Partijen worden aangeduid als [eisers] c.s. en [verweerder],

1.Het procesverloop

1.1.
Het procesverloop blijkt uit:
- het incidenteel vonnis van 10 april 2017 en de daarin genoemde stukken;
- de conclusie van antwoord, met producties;
- het incidenteel vonnis van 21 augustus 2017 en de daarin genoemde stukken;
- de e-mail van het gerecht van 7 december 2017, inhoudende een zittingsagenda;
- de aanvullende producties van [verweerder];
- de aanvullende productie van [eisers] c.s.;
- de behandeling ter comparitie van 21 maart 2018;
- de bij die gelegenheid door beide partijen overgelegde pleitaantekeningen.
1.2.
Vonnis is nader bepaald op heden.

2.De feiten

2.1.
[verweerder] is werkzaam als notaris.
2.2.
[verweerder] oefende tot 2007 zijn ambt (als kandidaat-notaris) uit binnen het kantoor van Notariskantoor Smeets B.V. (hierna: Smeets).
2.3.
Op 5 maart 2004 is tussen Tara Industrial Holding Corp. (hierna: Tara) als verkoper en [eisers] c.s. als koper een koopovereenkomst tot stand gekomen inzake de koop en verkoop van een appartement (hierna: het appartement) in het complex Beau Rivage, een en ander met een koopsom van USD 252.000. De koopovereenkomst voorziet in betaling van dit bedrag “via” het kantoor van Smeets. [eisers] c.s. hebben de koopsom gestort op de rekening van de Stichting Derdengelden Notariskantoor Smeets (hierna: de stichting).
2.4.
Ten tijde van de totstandkoming van de koopovereenkomst lag op het appartement conservatoir beslag ten behoeve van (onder andere) de Nederlandse belastingdienst.
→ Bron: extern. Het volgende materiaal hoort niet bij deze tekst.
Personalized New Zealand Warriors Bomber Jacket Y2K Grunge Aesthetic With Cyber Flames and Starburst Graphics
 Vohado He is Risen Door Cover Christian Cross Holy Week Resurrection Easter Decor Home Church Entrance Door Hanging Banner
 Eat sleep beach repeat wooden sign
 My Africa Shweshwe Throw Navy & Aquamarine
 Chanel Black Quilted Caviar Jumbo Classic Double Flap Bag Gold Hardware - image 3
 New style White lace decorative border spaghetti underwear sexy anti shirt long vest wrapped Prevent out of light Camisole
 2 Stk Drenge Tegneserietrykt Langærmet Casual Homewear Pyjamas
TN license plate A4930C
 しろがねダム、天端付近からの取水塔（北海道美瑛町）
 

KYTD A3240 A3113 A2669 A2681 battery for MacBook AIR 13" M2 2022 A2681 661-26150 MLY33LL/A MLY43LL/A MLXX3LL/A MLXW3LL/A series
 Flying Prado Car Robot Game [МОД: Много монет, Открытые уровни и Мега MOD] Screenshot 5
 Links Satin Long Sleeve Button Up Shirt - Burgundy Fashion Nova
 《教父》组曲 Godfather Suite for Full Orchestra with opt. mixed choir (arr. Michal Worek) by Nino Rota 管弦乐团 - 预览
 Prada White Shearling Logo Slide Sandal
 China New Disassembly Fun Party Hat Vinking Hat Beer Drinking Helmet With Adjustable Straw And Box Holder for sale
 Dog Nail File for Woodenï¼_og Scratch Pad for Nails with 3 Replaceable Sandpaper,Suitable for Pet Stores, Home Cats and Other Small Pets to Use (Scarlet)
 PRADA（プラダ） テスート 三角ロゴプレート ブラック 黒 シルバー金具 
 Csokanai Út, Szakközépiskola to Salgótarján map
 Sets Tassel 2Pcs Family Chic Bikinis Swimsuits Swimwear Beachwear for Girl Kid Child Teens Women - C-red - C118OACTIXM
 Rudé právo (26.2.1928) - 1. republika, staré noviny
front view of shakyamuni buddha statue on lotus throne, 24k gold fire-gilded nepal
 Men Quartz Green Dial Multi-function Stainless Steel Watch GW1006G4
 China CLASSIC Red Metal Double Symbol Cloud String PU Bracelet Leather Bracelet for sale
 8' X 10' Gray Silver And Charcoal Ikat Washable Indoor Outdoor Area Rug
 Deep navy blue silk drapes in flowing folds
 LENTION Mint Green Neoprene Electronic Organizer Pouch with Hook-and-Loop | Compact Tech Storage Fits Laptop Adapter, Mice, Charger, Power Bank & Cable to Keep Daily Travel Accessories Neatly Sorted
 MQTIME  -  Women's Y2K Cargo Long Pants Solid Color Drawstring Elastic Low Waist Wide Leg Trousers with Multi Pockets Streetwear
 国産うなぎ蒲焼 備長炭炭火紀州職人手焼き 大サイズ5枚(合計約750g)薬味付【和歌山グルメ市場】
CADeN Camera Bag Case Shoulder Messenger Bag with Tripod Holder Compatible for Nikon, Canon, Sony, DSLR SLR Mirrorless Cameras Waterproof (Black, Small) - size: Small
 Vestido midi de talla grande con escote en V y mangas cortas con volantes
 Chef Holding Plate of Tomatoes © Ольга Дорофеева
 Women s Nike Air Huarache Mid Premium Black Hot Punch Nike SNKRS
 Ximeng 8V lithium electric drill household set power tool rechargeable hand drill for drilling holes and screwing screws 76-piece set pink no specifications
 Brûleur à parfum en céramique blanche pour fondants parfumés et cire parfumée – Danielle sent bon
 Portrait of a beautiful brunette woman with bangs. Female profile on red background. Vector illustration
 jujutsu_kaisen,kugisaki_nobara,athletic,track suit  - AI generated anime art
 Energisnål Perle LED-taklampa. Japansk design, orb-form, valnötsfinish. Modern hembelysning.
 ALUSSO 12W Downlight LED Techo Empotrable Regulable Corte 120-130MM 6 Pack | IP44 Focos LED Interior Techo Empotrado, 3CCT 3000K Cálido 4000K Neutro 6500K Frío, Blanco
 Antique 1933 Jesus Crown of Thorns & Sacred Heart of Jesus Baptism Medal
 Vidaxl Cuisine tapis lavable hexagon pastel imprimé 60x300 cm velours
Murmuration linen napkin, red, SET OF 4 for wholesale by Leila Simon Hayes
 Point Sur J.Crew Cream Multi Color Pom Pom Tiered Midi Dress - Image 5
Tussen Tara en de belastingdienst is afgesproken dat de koopsom in depot bij de notaris gehouden zou worden totdat de geschillen met de belastingdienst waren opgelost.
2.5.
Ten tijde van de totstandkoming van de koopovereenkomst had Tara tevens een schuld bij de VvE van Beau Rivage ten belope van Naf 21.864,31. Tara en [eisers] c.s. hebben in verband met deze schuld op 17 december 2004 op het kantoor van Smeets een overeenkomst van geldlening gesloten. Deze luidt, voor zover van belang, als volgt:
Artikel 1 lening
[eisers] geeft per de datum van de Nota van Afrekening aan Tara te leen, […], het bedrag van NAf 21.864,31.
[…]
Artikel 3 Aflossing
Aflossing van het te leen verstrekte bedrag zal ineens plaats vinden zodra in de aanhangige fiscale procedures tussen Tara en de belastingdienst Curaçao enerzijds en tussen de heer [naam] en de Nederlandse belastingdienst anderzijds, regelingen zullen zijn getroffen of ter zake deze procedures vonnissen in kracht van gewijsde zijn gegaan. Notariskantoor mr. G.C.A. Smeets wordt bij deze opgedragen en onherroepelijk gemachtigd, welke machtiging deel uitmaakt van deze overeenkomst, om gemeld bedrag groot NAf 21.864, 31 in mindering te brengen van het totaal in escrow gehouden bedrag en zulks uit te keren aan [eisers].
2.6.
Deze overeenkomst van geldlening was opgesteld door de advocaat van Tara. Hij heeft per mail van 8 december 2004 een concept van deze overeenkomst aan [verweerder] toegezonden. In dat concept ontbreekt in artikel 3 de zin “Notariskantoor … [eisers]”.
2.7.
Op 24 december 2004 is het appartement ten overstaan van onder anderen [verweerder] geleverd.
2.8.
Op 28 december 2004 heeft [verweerder], althans een medewerker van Smeets, de geldleningsovereenkomst doen registreren bij de Curaçaose belastingdienst.
2.9.
In 2007 heeft [verweerder] de verplichtingen van Smeets ten aanzien van de derdengeldrekening overgenomen.
2.10.
Bij brief van 9 september 2009 heeft (de advocaat van) de Nederlandse belastingdienst [verweerder] geïnformeerd over een met Tara getroffen regeling en verzocht om uitkering uit het depot van een bedrag van USD 247.648,49. Deze uitkering heeft plaatsgevonden.
2.11.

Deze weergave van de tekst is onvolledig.